● Task to carry out: Could you repeat exactly the lines below, from the line containing "Green Mountain Range" through the last one, both included, while leaving out any pictures?

● Recorded information:
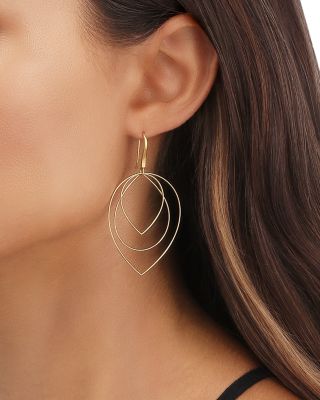 14K Yellow Gold Three Tier Multi Shape Drop Earrings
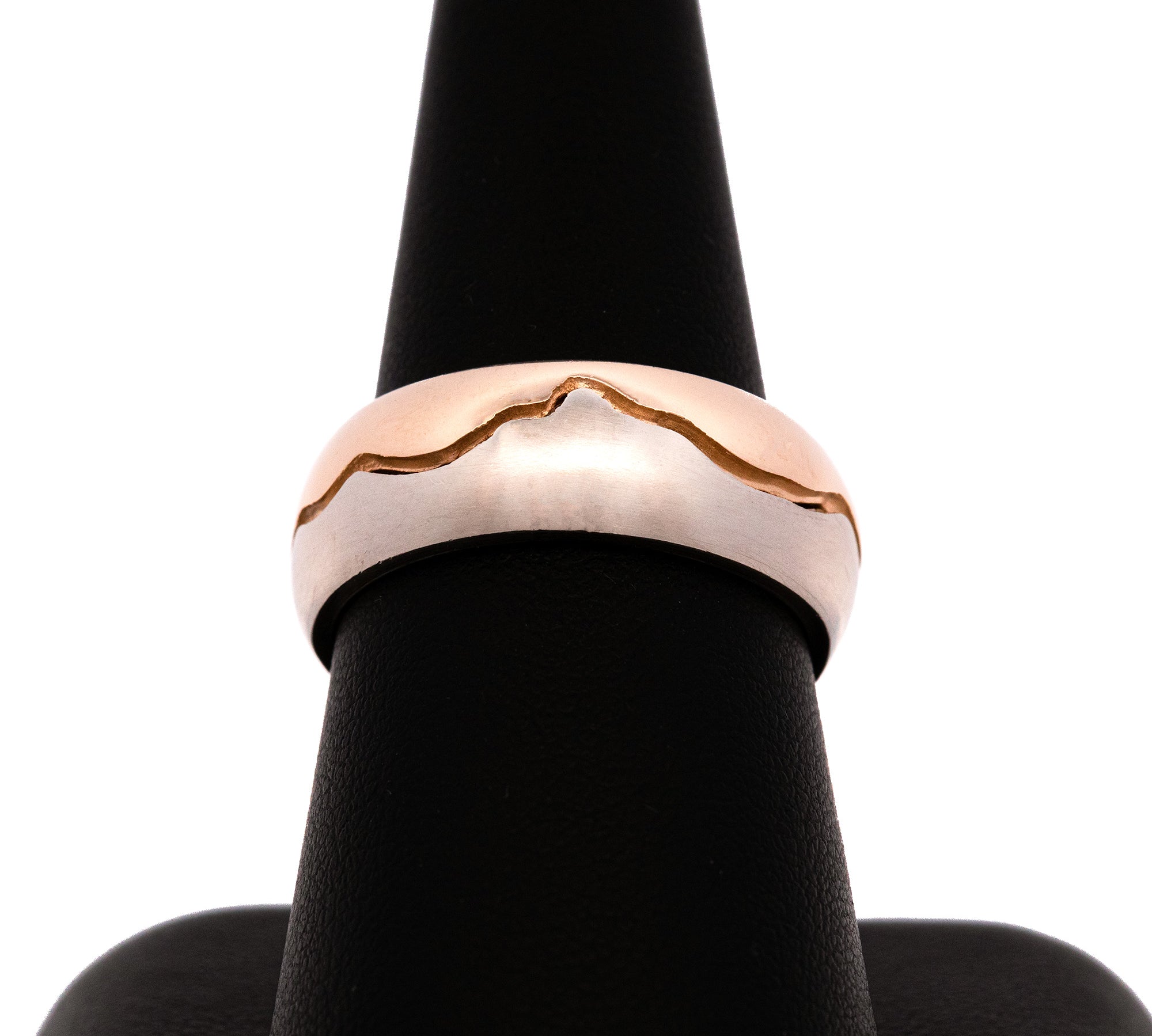 Green Mountain Range Band 14K Yellow And White Gold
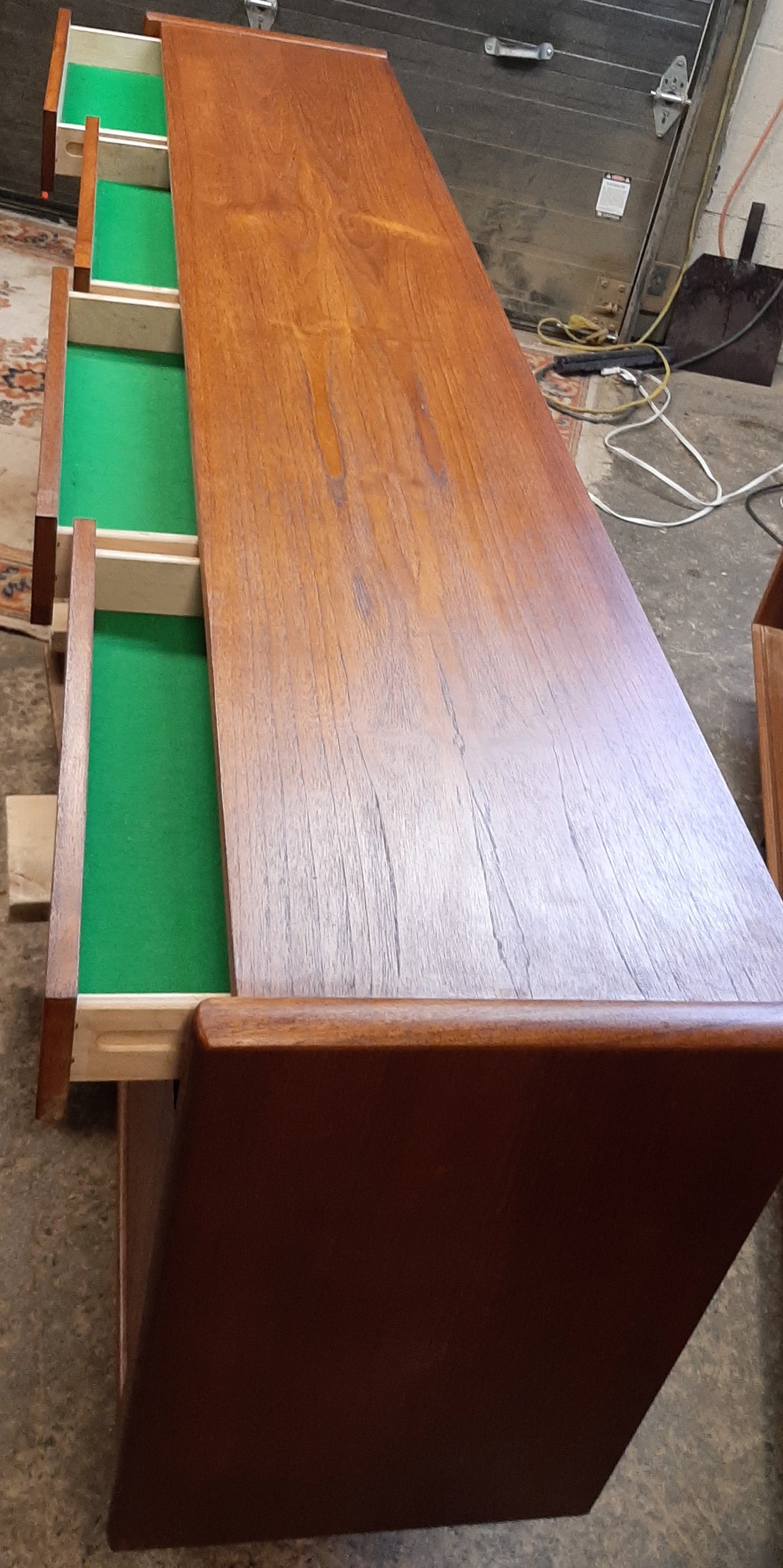 REFINISHED MCM Teak Sideboard 84", long & narrow, PERFECT - Mid Century Modern Toronto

● Your solution:
 Green Mountain Range Band 14K Yellow And White Gold
 REFINISHED MCM Teak Sideboard 84", long & narrow, PERFECT - Mid Century Modern Toronto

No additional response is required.